With the pictures left out, transcribe exactly the lines from the one with "a view of entryway with wooden floor" through the end of the data.

Start of Material provided

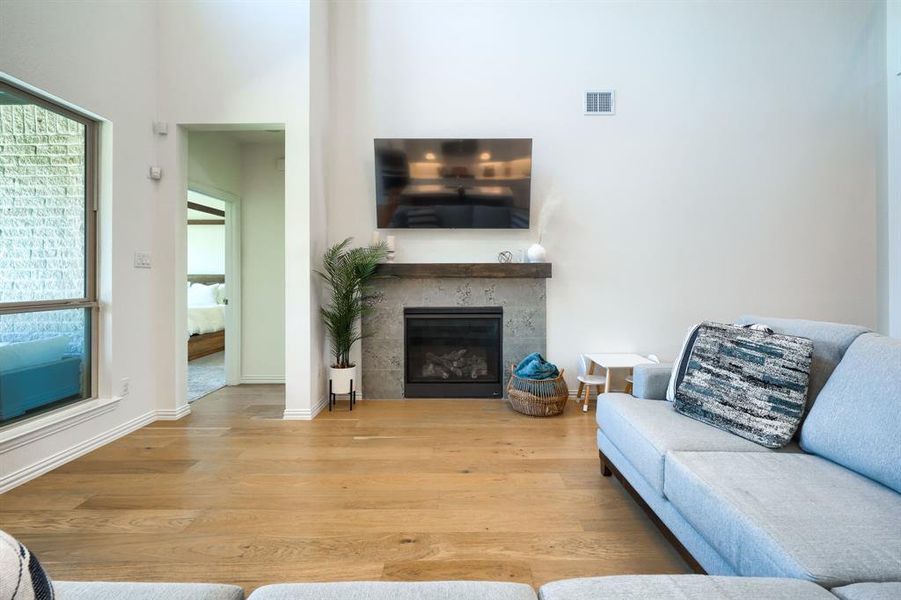 Living room with a towering ceiling, a tile fireplace, and hardwood / wood-style floors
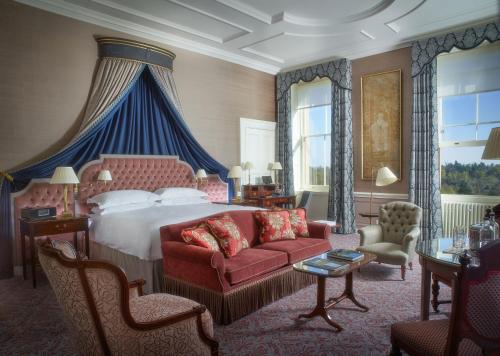 塔普洛Cliveden House - an Iconic Luxury Hotel的一间卧室配有一张大床和一张红色的沙发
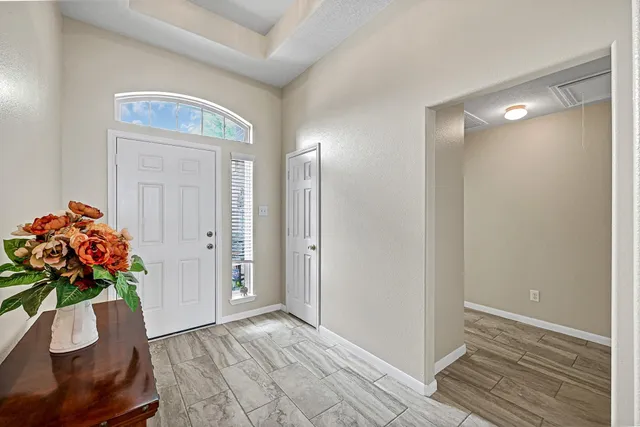 a view of entryway with wooden floor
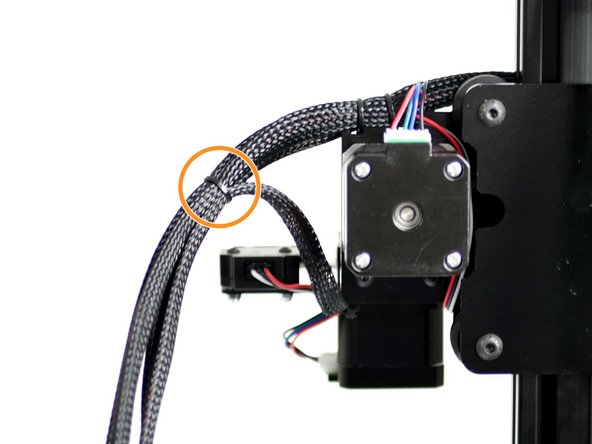 Use a second cable tie to connect the cables from the gantry to the extruder's cables.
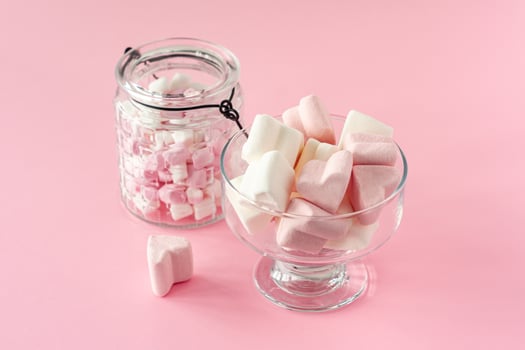 marshmallow heart shape and mini with love concept on pink background photo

End of Material provided

> Completed task:
 a view of entryway with wooden floor
 Use a second cable tie to connect the cables from the gantry to the extruder's cables.
 marshmallow heart shape and mini with love concept on pink background photo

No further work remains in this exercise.